Concepto de tropo

Del griego τρόπος o “tropos”, de donde lo tomó el latín como “tropus”, tropo significa “giro”, “dirección”, “estilo” o “modo”. Es usado en varias palabras como prefijo, por ejemplo en troposfera, primera capa de la atmósfera susceptible a turbulencias.

En Retórica, un tropo consiste en el cambio o giro que se hace de una palabra o conjunto de ellas, por otras, que teniendo un significado diferente, logran establecer una conexión con las que sustituyen, en sentido figurado.

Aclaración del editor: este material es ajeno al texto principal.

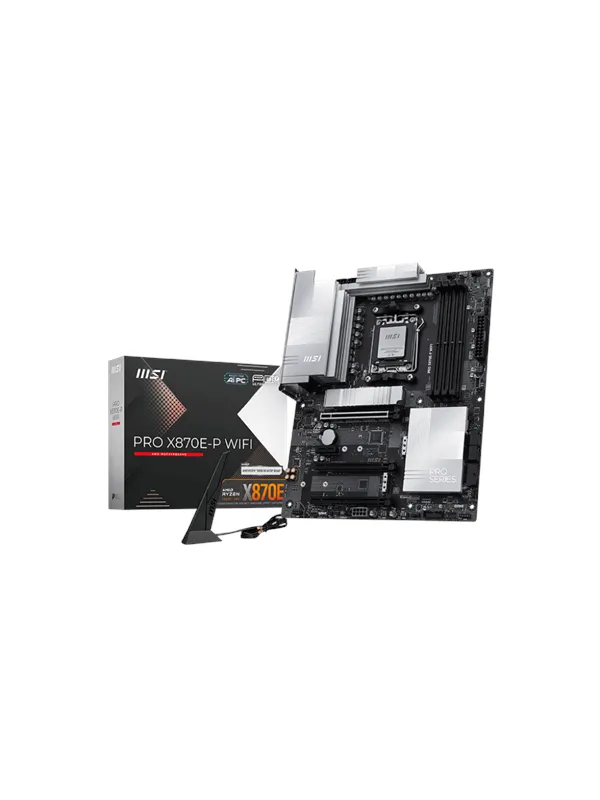 MSI PRO X870E-P WIFI Hovedkort - AMD X870E - AMD AM5 socket - DDR5 RAM - ATX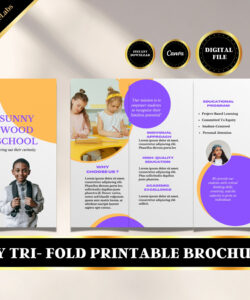 free  education tri fold brochure template pdf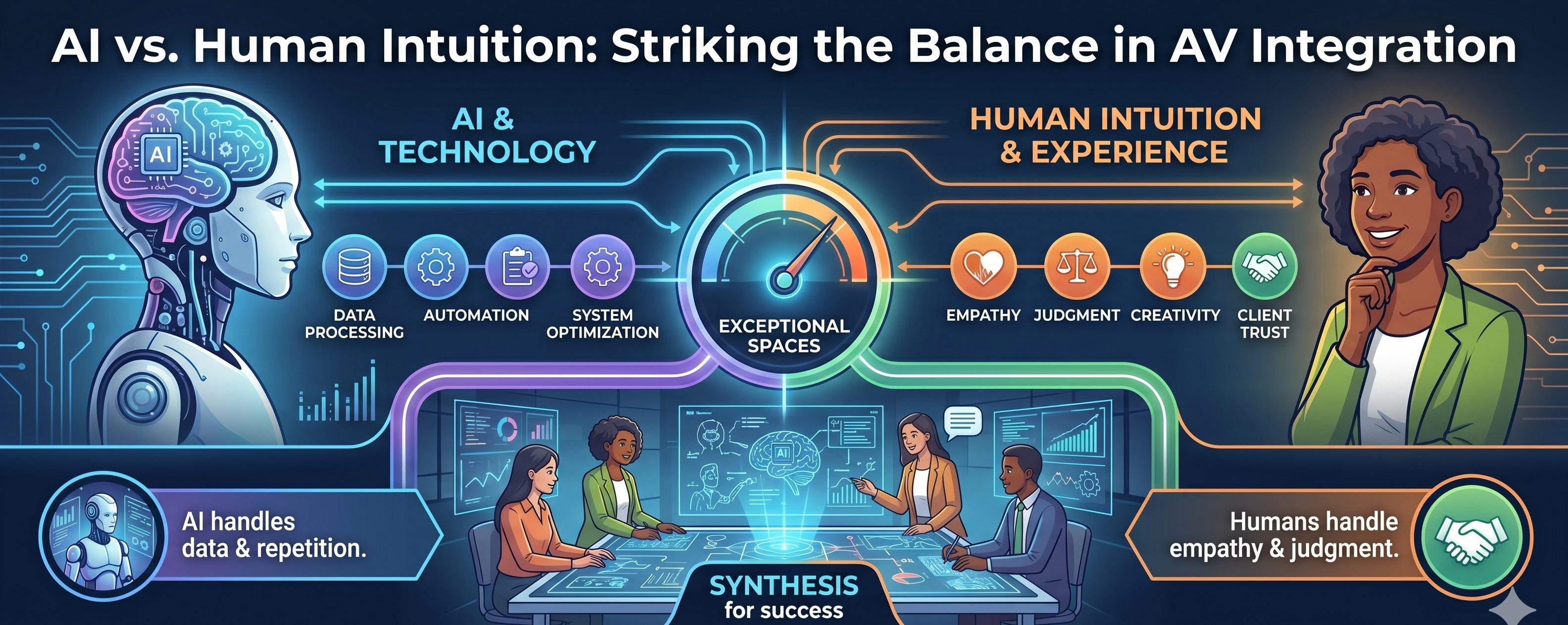 AI vs. Human Intuition: Striking the Balance in AV Integration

Entre los tropos más utilizados sobre todo en el lenguaje literario, para embellecer poesías y prosas, encontramos las metáforas (tipo de analogía donde el elemento con que se compara al tomado como referencia, lo reemplaza, por ejemplo usar “oro” para nombrar algo que es de color amarillo”; las metonimias (se designa algo con la denominación de otra cosa, por ejemplo reemplazar la palabra trabajo, por pan); las ironías (donde se usa una palabra con sentido opuesto al que realmente corresponde, por ejemplo, llamar “gigante” a alguien o algo muy pequeño); las alegorías (conjunto de metáforas que refieren una idea compleja); las antonomasias (donde el nombre propio se reemplaza por una expresión, por ejemplo de París, “la ciudad luz”) y las sinécdoques (se nombre a la parte por el todo o a la inversa, por el ejemplo, cuando se dice que pidió “la mano” de una mujer).

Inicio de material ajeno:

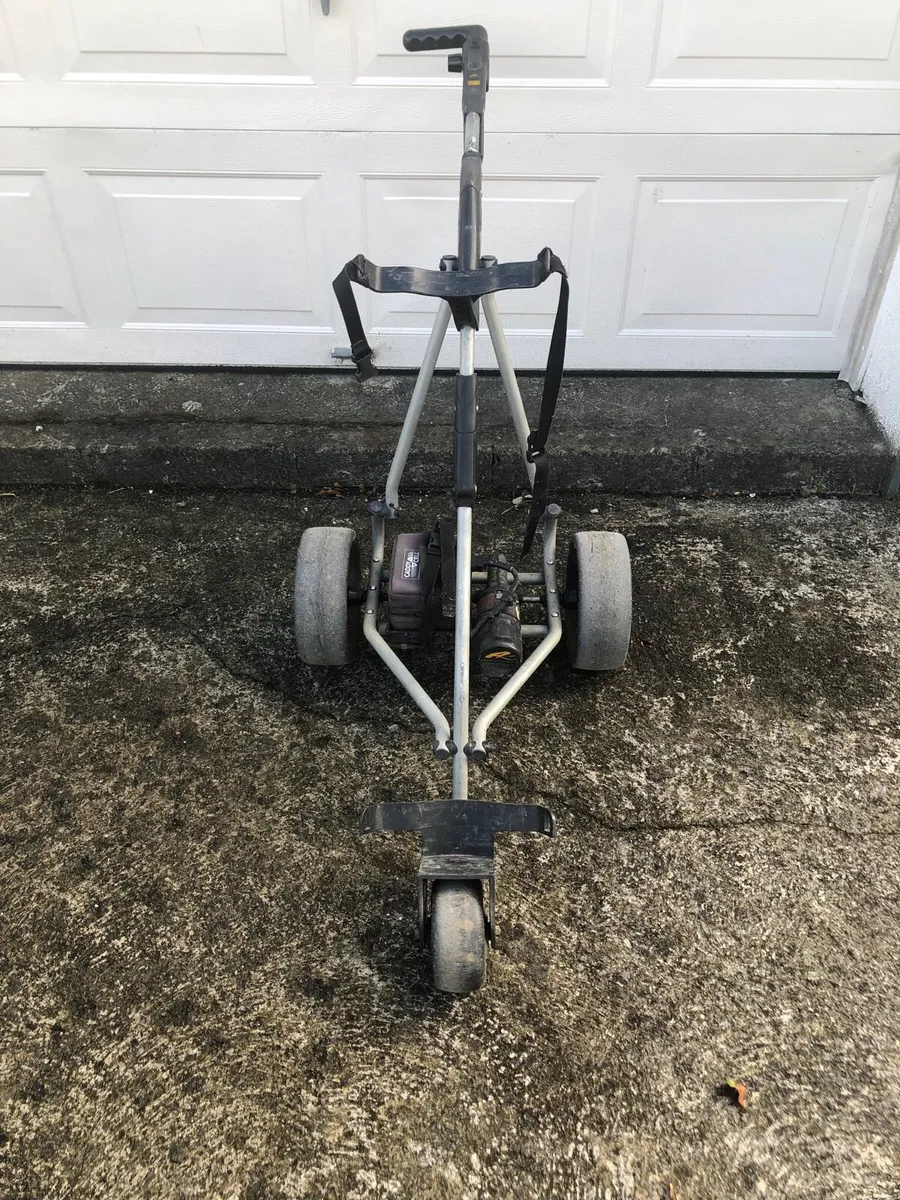 Powcaddy electric golf trolly - Image 1
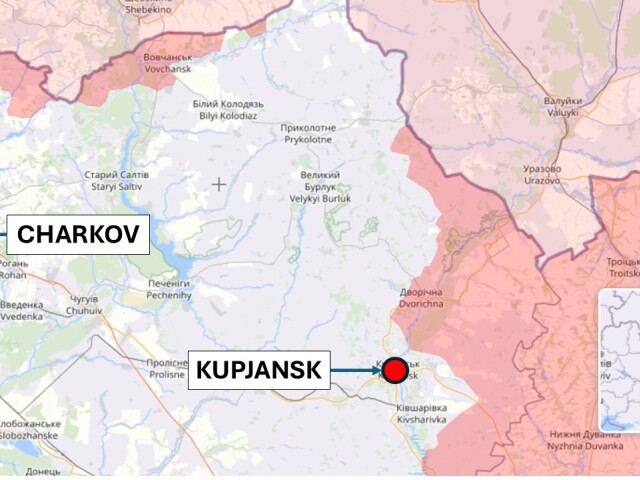 Charkov a Kupjansk, Ukrajina 10. januára 2026 podľa liveuamap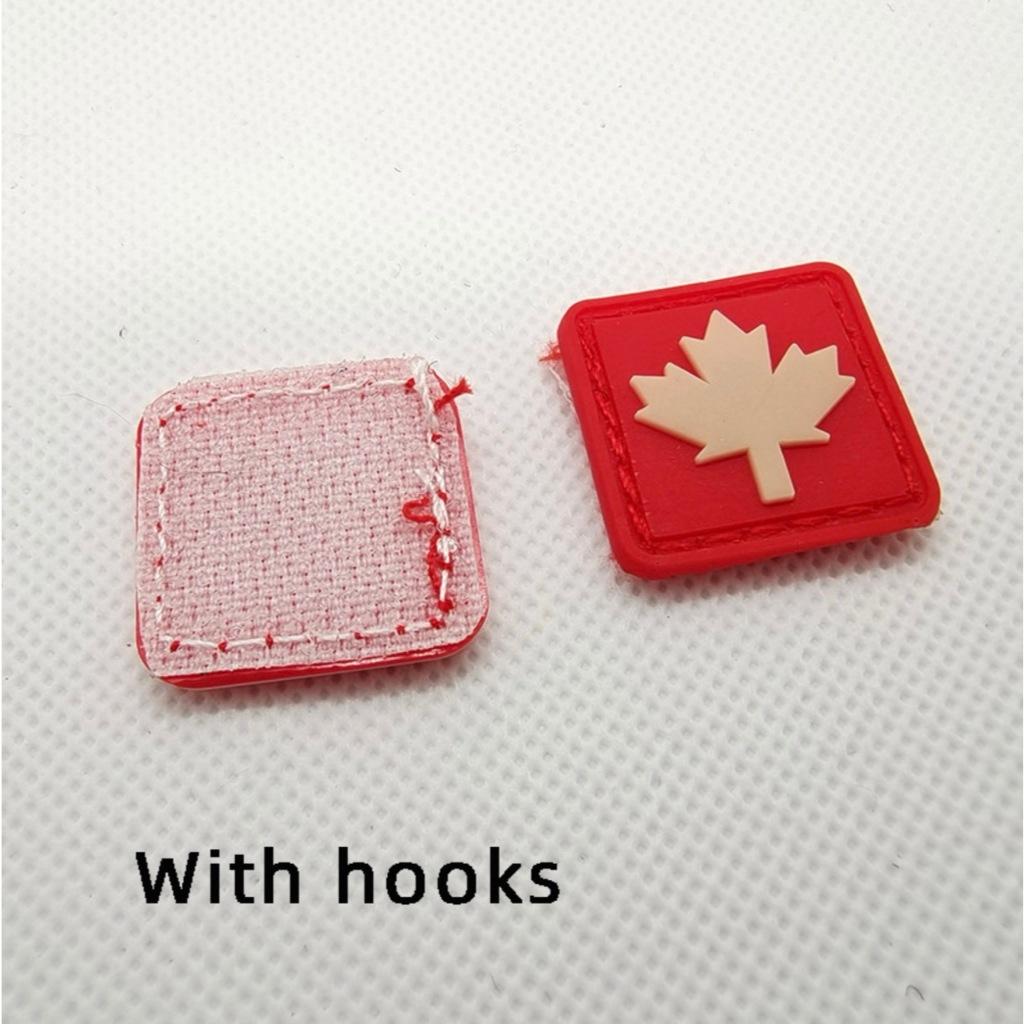 Patch_velcro PVC mini huy hiệu chiến thuật gắn quần áo_ba lô_túi xách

En la Lógica aristotélica, los tropos son los diferentes modos de realizar un silogismo. En Filosofía, y más específicamente en la Teoría del Conocimiento o Gnoseología fue un vocablo que usaron los filósofos escépticos (aquellos que niegan la existencia de verdaderas absolutas, o sea para quienes todo conocimiento es relativo, a diferencia de los dogmáticos que creen en la posibilidad de llegar a un conocimiento indiscutible) para explicar a través de argumentaciones, su afirmación de la imposibilidad de llegar a esas certezas, y por lo tanto asegurar la imposibilidad de afirmar o negar mediante juicios.

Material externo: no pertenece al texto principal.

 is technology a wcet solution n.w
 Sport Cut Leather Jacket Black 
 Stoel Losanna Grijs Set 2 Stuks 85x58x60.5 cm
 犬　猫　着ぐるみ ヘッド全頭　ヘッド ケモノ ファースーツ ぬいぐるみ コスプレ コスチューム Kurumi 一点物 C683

Entre estos tropos contenidos en las “Argumentaciones Pirrónicas” de Enesidemo de Cnosos, al que podemos ubicar en sus enseñanzas cronológicamente hacia el año 70 antes de nuestra era, nombraremos a modo de ejemplo entre sus diez argumentos, las diferentes costumbres y los distintos contextos que pueden modificar una afirmación o las sensaciones disímiles que puede provocar una misma cosa o hecho, para cada ser humano.